Mientras mi padre llevó el autobús tuvo poca tecnología que aprender y pocas habilidades que desarrollar más allá de las que se le suponían por el oficio. Los mandos del autocar no cambiaron y las mejoras que llegaban lo hacían poco a poco y sin precisar de mayor análisis: la dirección asistida, el aire acondicionado, etc. Solo una vez lo vi en apuros debido a la novedad. Desde siempre había imprimido los billetes con una máquina metálica que se accionaba con una manivela y que cada vez emitía un sonido como de campanillas, muelles y resortes en movimiento, hasta que la empresa le proporcionó un rudimentario ordenador con una pantalla diminuta en blanco y negro, que le costó descifrar unas cuantas tardes.

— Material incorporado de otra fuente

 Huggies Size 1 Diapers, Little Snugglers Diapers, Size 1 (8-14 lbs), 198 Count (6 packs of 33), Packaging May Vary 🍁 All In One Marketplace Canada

Este tipo de sociedad, que hoy denominamos «fordista», se apoyaba en unos pilares que, en principio, ayudaban a la estabilidad del mercado laboral. Sé que, a la luz de la historia, con la crisis del 29, las dos guerras mundiales y el alza de los precios del petróleo, no podemos decir que la economía alcanzase largos períodos de estabilidad más allá de los llamados «30 gloriosos años» (1945-1975), pero lo cierto es que en estos vaivenes influyeron mucho más algunos elementos extrínsecos al mercado laboral que los cambios en su dinámica interna. La especulación ciega en la bolsa neoyorkina, solo comparable a la burbuja de las hipotecas de principios de nuestro siglo, o el auge del fascismo, afectaron a los bolsillos más que otros aspectos más «predecibles» por la ciencia económica.

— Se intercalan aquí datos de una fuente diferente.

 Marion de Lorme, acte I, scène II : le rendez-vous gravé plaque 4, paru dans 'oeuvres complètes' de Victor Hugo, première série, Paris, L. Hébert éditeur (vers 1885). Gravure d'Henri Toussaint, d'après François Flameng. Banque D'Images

Durante buena parte del siglo XX la estructura de los deseos de los consumidores fue muy similar, o tuvo cambios tranquilos, pausados y asumibles por las empresas y las familias. Incluso la popularización de elementos mecánicos como el automóvil o la lavadora no supusieron saltos tan radicales porque fueron progresivos y permitieron que los trabajadores implicados se adaptaran con cierta facilidad. Si lo comparamos con la situación actual, se puede afirmar que las competencias que necesitaban los empleados para aclimatarse a los cambios tecnológicos, y las que necesitaban los directivos para adecuar la producción, la estructura y los protocolos internos de la empresa a los mismos, no sufrían transformaciones vertiginosas, ni mucho menos.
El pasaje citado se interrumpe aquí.